A moeda tem um reverso. As políticas de acolhimento do governo encontram uma oposição frontal de partidos como a Liga Norte, de Matteo Salvini. Os italianos não querem que instalem imigrantes na sua vizinhança. A surpresa é que a maioria deles criticam as regiões e municípios que recusam o acolhimento, tal como os países que fecham as fronteiras e não aceitam a sua parte de imigrantes. Diamanti chama a atenção para outro fenómeno, os "políticos pirómanos". O auge do "medo do imigrante", 51%, registou-se em 2007: não havia nenhuma vaga migratória mas campanhas eleitorais em que a Liga Norte impôs o tema e foi seguida por Berlusconi e outros, perante o embaraço duma esquerda quase muda. Estes partidos, em especial a Liga Norte, são os "amplificadores do medo".

A oportunidade alemã
Escreve Joschka Fischer, antigo vice-chanceler alemão: "Os responsáveis políticos terão de explicar ao seu povo que não pode ter prosperidade económica e um alto nível de segurança social, com uma população em que os reformados são um encargo cada vez maior para os activos. A força laboral da Europa deve crescer. É uma das razões pelas quais os europeus deveriam deixar de tratar os imigrantes como uma ameaça e começar a vê-los como uma oportunidade."

A Alemanha prevê que até ao fim do ano terá recebido 800 mil pedidos de asilo. E prepara-se para os aceitar, com o aplauso do mundo empresarial. As despesas federais e dos estados federados aumentarão. É um investimento a prazo. Há actos xenófobos e racistas, sobretudo no Leste alemão. Merkel condenou as violências "abjectas" e disse: "A Europa está numa situação que não é digna da Europa."

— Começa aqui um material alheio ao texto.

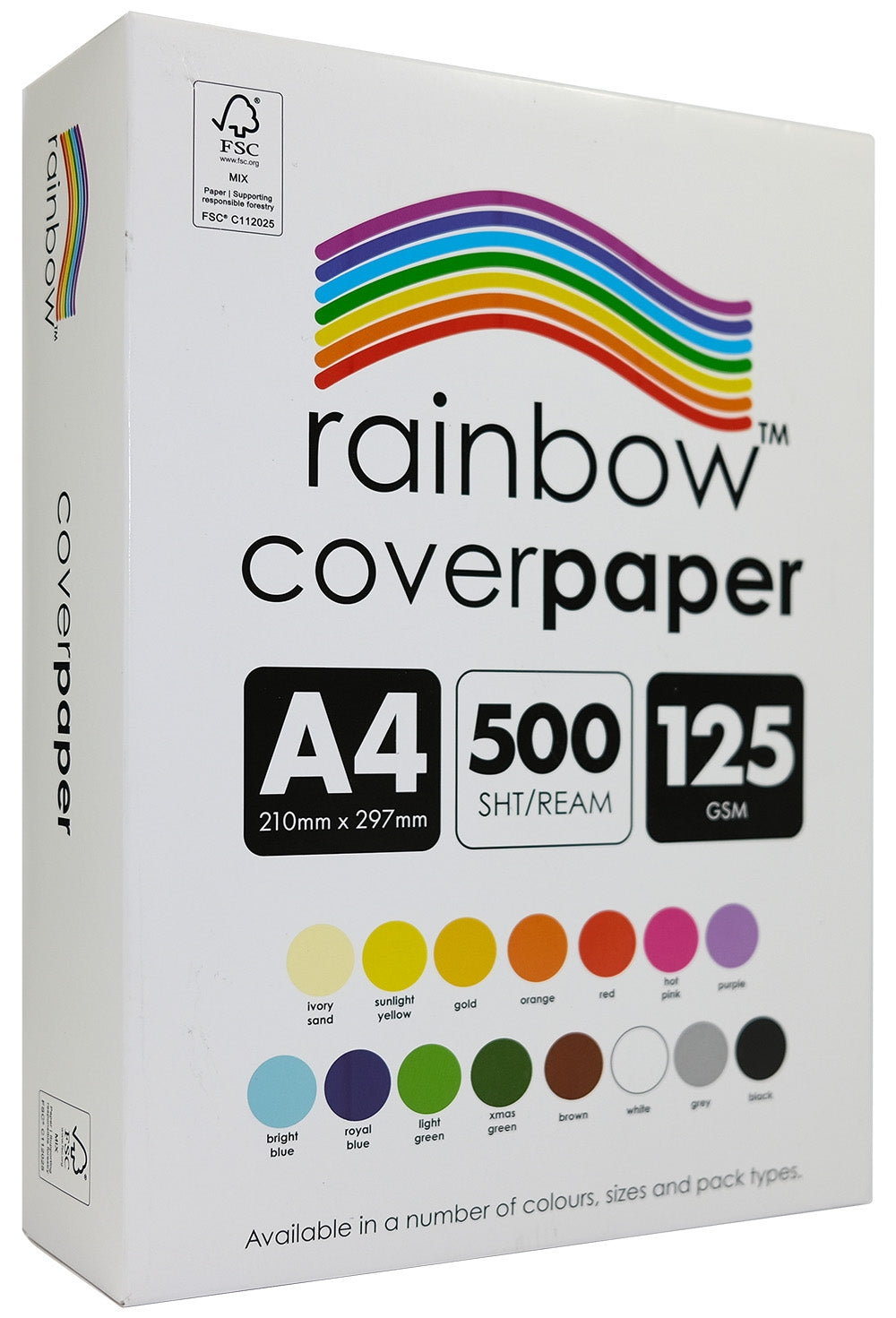 Rainbow Cover Paper (A4) - Assorted Colours (Ream of 500) - view 2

A chanceler, como é seu hábito, demorou a reagir às vagas migratórias no Sul europeu. Agora antecipa-se, num acto de lucidez estratégica que os alemães partilham. "As sondagens mostram que 60% da população pensa que a Alemanha é capaz de enfrentar o desafio da integração de centenas de milhares de refugiados", explica ao Libération Hajo Funke, um especialista na extrema-direita e na imigração. "É um facto totalmente inédito na História alemã."

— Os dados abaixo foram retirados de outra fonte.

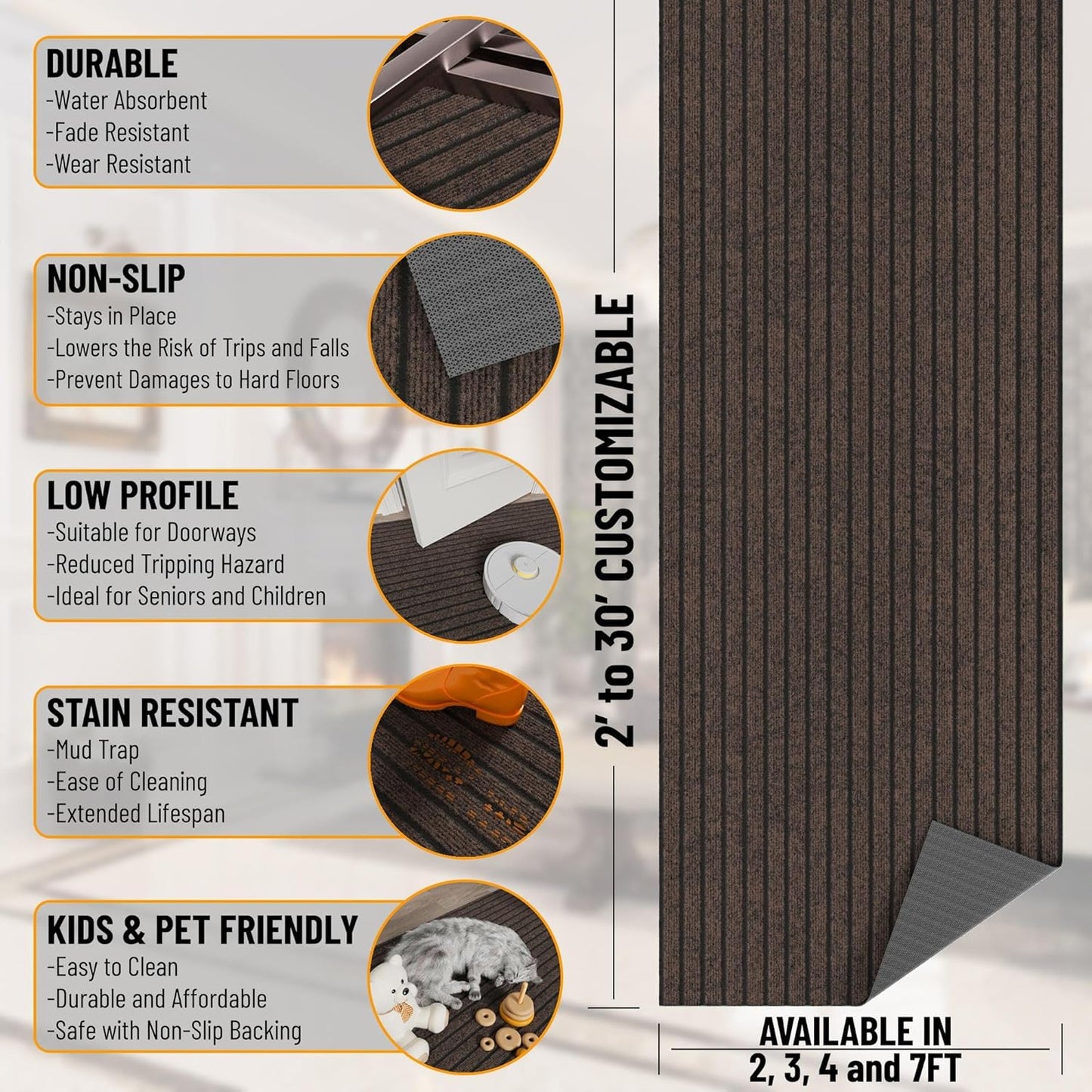 Ottomanson 2'7" x 14' Hallway Runner with Scraper Pile - Extra Durable Non-Slip Rug Mat for Indoor & Outdoor Use - Ideal for Kitchen, Entryway & Garage - High-Traffic Carpet, Brown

A primeira razão é que, desde os anos 1990, "os grandes partidos democráticos, com raras excepções, foram deixando de utilizar os temas da imigração, da nacionalidade ou do direito de asilo com fins eleitorais e politiqueiros." Depois, foi sob a tutela de Merkel que a direita alemã aceitou a imigração. "Sem o dizer expressamente, ela inscreveu a sua acção na linha dos governos verde-vermelhos [Verdes e sociais democratas]." Merkel percebeu que a colagem de Sarkozy aos temas anti-imigração da Frente Nacional lhe valeu votos nas eleições de 2007 mas acabou por aproveitar depois, e muito, a Marine Le Pen. Assume também a posição inversa de David Cameron que se deixou condicionar pelo discurso anti-imigrantes e anti-Europa de Nigel Farage. Por isso pode transformar a crise migratória numa oportunidade.